Darren Stevens starred with bat and ball back on his old ground
Darren Stevens starred with bat and ball back on his old ground

Leicestershire v Kent

KENT cantered to an impressive six-wicket win at Grace Road to leave Leicestershire Foxes to lick their wounds in this opening NatWest Pro40 clash of the Division 2 campaign.

Played out in front of the Sky Sports cameras, Kent coped with the national exposure and the loss of Matt Walker with a groin strain to canter home to victory with 39 balls to spare.

Their three heroes were Rob Key with an excellent 63 from 90 balls, Simon Cook, who followed an brilliant bowling stint of three for 36 with a hard-hit 20 after being promoted from last man to bat at No3 three and fill the top-order berth vacated by Walker, then toward the death local lad Darren Stevens.

Born in Hinkley, just 10 miles down the road, Stevens revelled on his former home turf to bowl frugally before going on to bat with a panache that most others found impossible on this slow surface.

After electing to bat first, possibly thinking the wicket might only get slower, Leicestershire were probably reasonably pleased with their 40-over total of 175, but Kent clearly believed they were capable of better as long as they made a flying start.

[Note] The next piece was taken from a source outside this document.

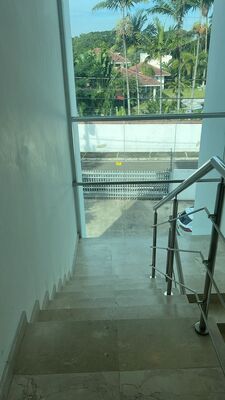 Apartamento en Los Laureles, Santiago con 4 habitaciones, 3 baños, 2 parqueos en 3er nivel de 200 mts² con mantenimiento incluido - Imagen 5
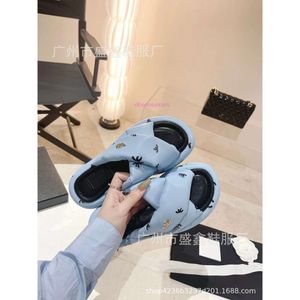 designer slides chaneles heels sandals Cross Bread Slippers Thick Sole Elevated Soft Cool Drag Sweet Series Printed Casual Womens Shoes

Former Kent favourite Paul Nixon was the home top-scorer, using all his one day guile to hit 61 from 82 balls and with five fours, the Leicestershire beneficiary held together an innings that still fell away alarmingly come the end.

Cook, who took the wicket of Paul Harrison with his first delivery, a slower ball, caused the Foxes headaches all game, particularly with his well disguised off-spinner that no-one appeared to read, including Nixon who ended up slicing one to cover point.

Cook was given good support from Yasir Arafat, who took two for 44 from eight overs bowled straight off down the Grace Road slope, and then the slower bowlers Darren Stevens and James Tredwell, who were nigh on impossible to get away on a consistent basis. Tredwell conceded 26 from his eight overs and Stevens went for five fewer and took the wickets of Jeremy Snape (6) and James Allenby (20).

Though Foxes reached 50 after nine overs, then 100 after 24, Kent recovered from a couple of dropped chances and a missed run out to restrict them to 28 from the last 10 overs as the last four wickets went for 11 runs in the space of two overs.

As for the run chase, that proved a breeze once Andrew Hall (31) and Key posted 62 in 12 overs for the first wicket.

Hall went after playing on against another former Kent man David Masters, but then Key teamed up with Cook to add a further 45 in nine overs to release all the pressure on the batsmen to come.

Cook finally went to an excellent mid-wicket catch when middling a sweep off Mansoor Amjad who, with his next delivery, bowled Martin van Jaarsveld who played back to a quick leg-spinner that pitched middle and clipped off.

Key also went after hitting Kent's only six of the game in posting his 25th one-day 50 for Kent, caught by Nixon as he attempted a run down to third man, but Stevens, back on his former home ground, saw Kent home in tandem with Geraint Jones.

Stevens took the man-of-the-match Champagne with an unbeaten 42 from 35 balls leaving Jones to hitting the winning boundary off the home skipper Snape.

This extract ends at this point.